I have a good question. How does a diocese decide and/or determine where to build a Parish? Is it mostly becasue there are allready a lot of Catholics in that area but no Parish? Or do they just pick any random place to build a Parish?
And also, here in California would you all say that there are more Catholics than any other religion and/or other church denomination???
When I lived in Ohio, my parish was getting very large, about 5500 or 6000 families and most masses were standing room only. It was time for a new parish. They found a halfway point in the area and that's where the new parish went.
I don't know if it's done that way everywhere, but that's how it was done about 20 years ago back in Ohio. :)
about statistics in CA I have no idea but those are avaliable, ask the diocese, and there is a national group who compiles and reports those statistics for the bishops.
the decision on where to build a parish (or when to close an existing one) depends mainly on population, if there is a significant group of Catholics who is not being served, or conversely if there is no longer a significant Catholic population in a neighborhood to support a parish. Until a parish is self-supporting it may be run as a mission staffed by priests and lay volunteers from another parish, but the goal is usually to make it self supporting and have a permanent pastor and building as soon as possible.
Cost and availability of land is of course another factor, as is the availability of priests to staff new parishes.

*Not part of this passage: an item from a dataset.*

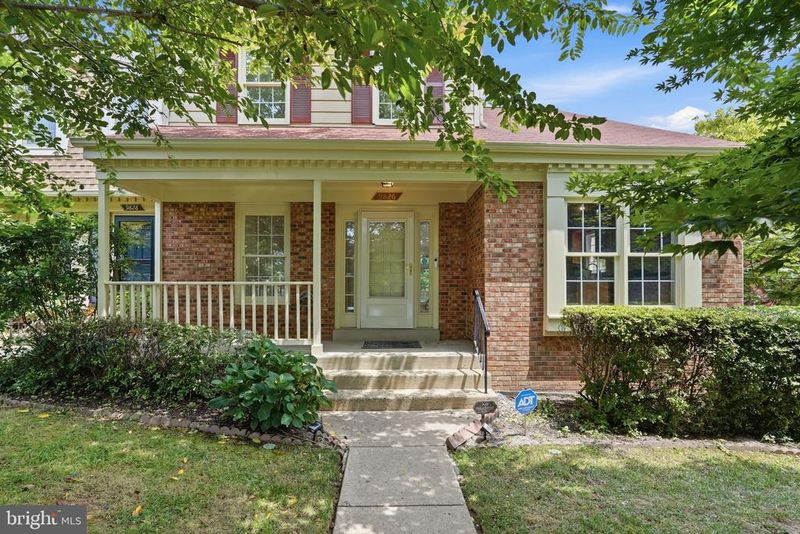 9826 Burke Pond Ln, Burke, VA 22015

Our new church (not new parish) will be built away from the center city, where it is close to the other two parishes, and in the exact geographical center of our boundaries, but will serve a huge population north and west of us who are now several miles away from the nearest church for Mass, CCD etc., and where there is rapid growth. This bishop and probably the new bishop will also be concerned with rapid growth in the northern part of the diocese and work on turning missions into parishes or establishing new parishes. Also many of the former colonias are now more stable growing communities and new parishes have been established, or missions have graduated to parishes, in those places.
this is true many places in Texas and I believe also CA, that where there is a siginificant minority population if new residents, such as Vietnamese, Filipino etc. the bishop may decided in consultation with that community that they need a parish where they can worship and be catechized in their own language and traditions and often invites priests from among that group to establish parishes to serve their needs.